Otherwise it is assumed to be a branch name. See method documentation for how multiple conflicting
parameters are handled.
- Fix: Update figshare provider to report the correct url for publicly-viewable files.
- Fix: Update figshare provider to support "dataset" articles as folders. figshare has many
article types. Previously, only the "fileset" article type represented a folder in the figshare WB
provider. figshare now automatically updates "fileset"s to "dataset"s. Promote "dataset"s to be the
default folder-analagous article type.
19.1.0 (2019-09-04)
===================
- Fix: Correctly annotate HEAD requests as metadata requests and revision requests as revision
requests in the auth payload sent to the OSF. These were being incorrectly marked as download
requests, causing spurious download counts on OSF files.
19.0.1 (2019-08-07)
===================
- Fix: Fix bug in the Box provider that was causing files uploaded to subdirectories to end up in
the project root instead. This would NOT cause an accidental overwrite; if a file with the same
name was already present in the project root, Box would throw a 409 Conflict error and refuse to
proceed.
19.0.0 (2019-06-11)
===================
- Fix: Bitbucket has retired their v1 API. Update the WaterButler provider to use v2 instead.

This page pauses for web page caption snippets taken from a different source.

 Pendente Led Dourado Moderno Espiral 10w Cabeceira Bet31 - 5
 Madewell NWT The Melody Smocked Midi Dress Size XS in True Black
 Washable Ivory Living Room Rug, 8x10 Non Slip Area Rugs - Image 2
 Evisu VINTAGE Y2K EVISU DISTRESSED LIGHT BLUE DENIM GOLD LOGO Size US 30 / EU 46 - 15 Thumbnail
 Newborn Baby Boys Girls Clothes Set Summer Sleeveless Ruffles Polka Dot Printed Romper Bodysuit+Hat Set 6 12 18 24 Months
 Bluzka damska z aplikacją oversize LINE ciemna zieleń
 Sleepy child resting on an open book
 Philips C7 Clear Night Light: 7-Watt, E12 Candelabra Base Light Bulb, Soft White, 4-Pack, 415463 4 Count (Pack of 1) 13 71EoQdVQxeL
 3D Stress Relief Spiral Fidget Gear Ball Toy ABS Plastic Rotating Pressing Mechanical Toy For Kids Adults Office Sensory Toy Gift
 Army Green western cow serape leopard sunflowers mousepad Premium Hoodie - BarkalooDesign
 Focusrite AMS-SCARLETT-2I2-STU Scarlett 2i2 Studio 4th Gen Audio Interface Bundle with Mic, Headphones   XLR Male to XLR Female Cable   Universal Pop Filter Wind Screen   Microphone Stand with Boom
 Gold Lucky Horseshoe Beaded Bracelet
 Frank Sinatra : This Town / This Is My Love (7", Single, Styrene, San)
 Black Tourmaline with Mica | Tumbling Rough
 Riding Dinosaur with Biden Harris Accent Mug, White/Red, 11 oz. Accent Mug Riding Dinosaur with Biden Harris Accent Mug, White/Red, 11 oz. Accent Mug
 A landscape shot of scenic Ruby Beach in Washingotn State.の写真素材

- Code: Update WaterButler Dockerfile to explicitly use gnupg v2. The default gpg binary on Debian
jessie is v1, but Debian stretch changes this to v2. Adjust for small differences in how they are
called.
18.0.3 (2019-01-31)
===================
- Fix: Send metadata about request to the OSF auth endpoint to help OSF distinguish file views from
downloads. (thanks, @Johnetordoff!)
18.0.2 (2018-12-14)
===================
- Fix: Get CI running again by adding workaround for bad TravisCI/Boto interaction. See:
https://github.com/travis-ci/travis-ci/issues/7940.
18.0.1 (2018-12-12)
===================
- Fix: Restore the `filename` parameter to WaterButler's Content-Disposition headers. It had been
removed in favor of `filename*`, which can correctly encode multibyte filenames. This broke scripts
that expected the `filename` version. Since `filename` cannot support multibyte characters, those
characters are converted to their nearest ascii equivalent or stripped if no equivalent exists. WB
now returns both forms of the parameter in the header. Clients should prefer `filename*` for the
most accurate representation of the filename. (thanks, @jcohenadad!)
18.0.0 (2018-10-31)
===================
- UPDATE: WaterButler is now following the CalVer (https://calver.org/) versioning scheme to match
the OSF. All new versions will use the `YY.MINOR.MICRO` format.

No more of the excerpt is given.